**Information supplied**

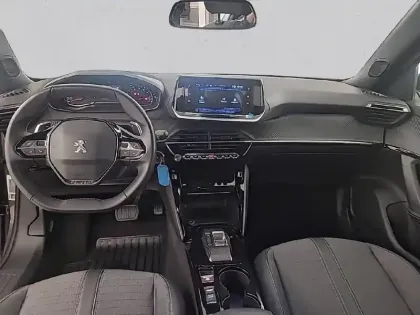 Photo 7 Peugeot 2008  PureTech 130 S&S EAT8
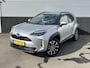 Toyota Yaris Cross 1.5 Hybrid Dynamic Trekhaak, 1e eign. Nederlandse auto, Navigatie, Smart Key, Privacy glass, LED, Lichtmetalen velgen, Achteruitrijcamera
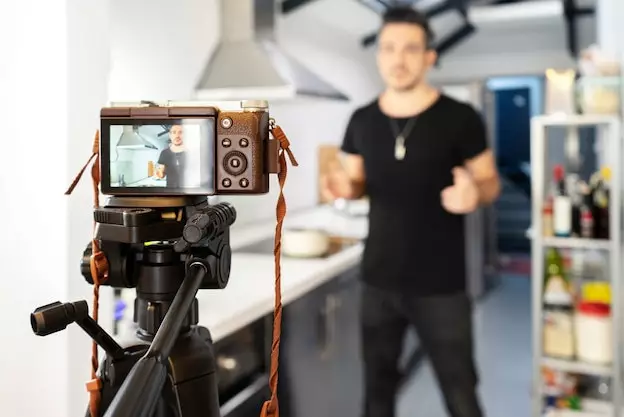 "Пора остановить этот цирк": депутат призвал наказать блогеров, снимающих пранки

**Work to complete**
Return the lines from the one that contains "Toyota Yaris Cross" through the final line of the listing above, inclusive. Transcribe them exactly and drop the pictures.

**Answer section**
 Toyota Yaris Cross 1.5 Hybrid Dynamic Trekhaak, 1e eign. Nederlandse auto, Navigatie, Smart Key, Privacy glass, LED, Lichtmetalen velgen, Achteruitrijcamera
 "Пора остановить этот цирк": депутат призвал наказать блогеров, снимающих пранки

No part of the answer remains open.